Le 12 décembre 1989, malgré de nombreuses protestations internationales, le gouvernement britannique expulsait manu militari de Hong Kong cinquante et un Vietnamiens qui s'étaient vu refuser le statut de réfugiés. Reconduits par charter à Hanoï, ces "non-réfugiés" apportaient au monde une démonstration brutale: vivre sous un régime totalitaire n'est désormais plus suffisant pour obtenir la protection de la communauté internationale. Les Boat People qui, plus que tous les autres réfugiés, torturent depuis longtemps les consciences occidentales, avaient en leur temps spectaculairement rappelé que libération nationale et liberté individuelle ne vont pas nécessairement de pair. Dix ans après, alors que l'exode continue, c'est encore sur eux que se cristallise la contradiction entre éthique et politique.

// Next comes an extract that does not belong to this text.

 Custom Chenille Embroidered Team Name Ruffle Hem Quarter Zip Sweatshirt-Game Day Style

Une fois ce constat établi, pourtant, force est de reconnaître que la situation ne se résume pas à un simple face à face entre Morale et Raison d'Etat.


Un problème de définition

Une question se pose immédiatement : qui est "réfugié"? Autrement dit, quelle est la limite d'oppression ou de danger au-delà de laquelle le ticket d'embarquement vers un pays d'asile est automatiquement valide? La réponse est délicate, tant sont lourdes ses implications sur les plans politique, éthique … et financier.

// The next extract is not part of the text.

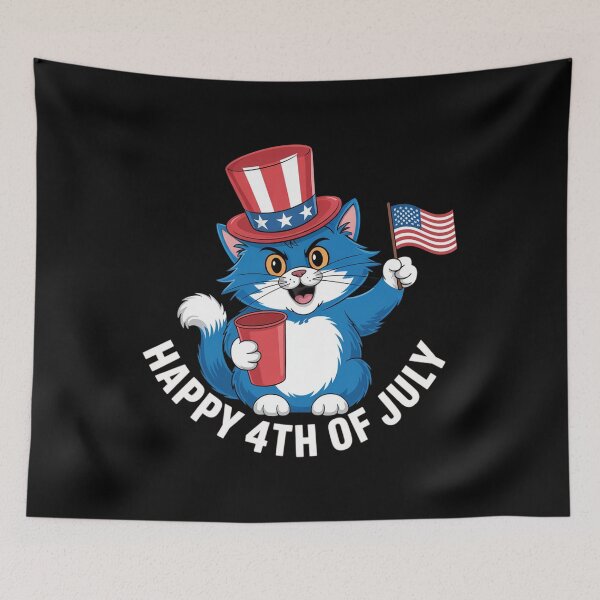 Item preview, Happy 4th of July Meowica Kitty Cat designed and sold by brynatshop.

Selon la Convention de Genève de 1951 — toujours en vigueur — le statut de réfugié est accordé à toute personne qui, "craignant avec raison d'être persécutée du fait de sa race, de sa religion, de sa nationalité, de son appartenance à un certain groupe social ou de ses opinions politiques, se trouve hors du pays dont elle a la nationalité et qui ne peut ou, du fait de cette crainte, ne veut se réclamer de la protection de ce pays". Cette définition remarquable, à la fois ample et précise, se prête à différentes interprétations, restrictives ou généreuses. Selon la période, l'opportunité politique ou le climat psychologique, la lecture que l'on en fait peut varier dans des proportions considérables.

Elaborée par des Européens, dans le contexte politique des années 50, cette règle a vu son application pratique s'élargir avec le temps, suivant en cela l'évolution du phénomène. La situation était simple lorsque l'on avait à faire à un intellectuel soviétique ou hongrois venant demander la protection d'un Etat démocratique dans les années 60 et 70. Elle l'était tout autant lorsqu'il s'agissait, par exemple, de faire échapper aux griffes de leurs geôliers des Iraniens ou des Argentins dans les années 70. Elle commença à se compliquer sérieusement lorsque, dans la seconde partie des années 70, des changements politiques radicaux sont intervenus dans plusieurs régions du tiers-monde. Les changements de régime en Asie du Sud-Est, en Afrique australe et en Afrique orientale, l'invasion de l'Afghanistan, la montée de la violence en Amérique centrale ont bouleversé les données du problème, sans que la perception de celui-ci, et par conséquent les instruments internationaux destinés à y apporter une réponse, n'en soient modifiés. Au cours de ces quinze dernières années, des centaines de milliers d'Ethiopiens ont fui vers le Soudan et la Somalie, tandis qu'un mouvement inverse et de même envergure amenait autant de Somaliens et de Soudanais à chercher asile en Ethiopie. Plus d'un million de Mozambicains se sont dispersés vers six pays d'Afrique australe, près de six millions d'Afghans se sont réfugiés au Pakistan et en Iran, un million de Centraméricains ont changé de pays, deux millions d'Indochinois ont gagné (au prix de quelle hécatombe!), par voie maritime ou terrestre, les pays riverains de la mer de Chine. Au moins ces derniers ont-ils été reconnus, à l'inverse de ces milliers de Laotiens refoulés vers leur pays, de ces centaines de Mozambicains brûlés vifs par la barrière électrifiée qui sépare leur pays de l'Afrique du Sud, de ces dizaines de milliers de Cambodgiens abandonnées aux Khmers rouges à la frontière thaïlandaise…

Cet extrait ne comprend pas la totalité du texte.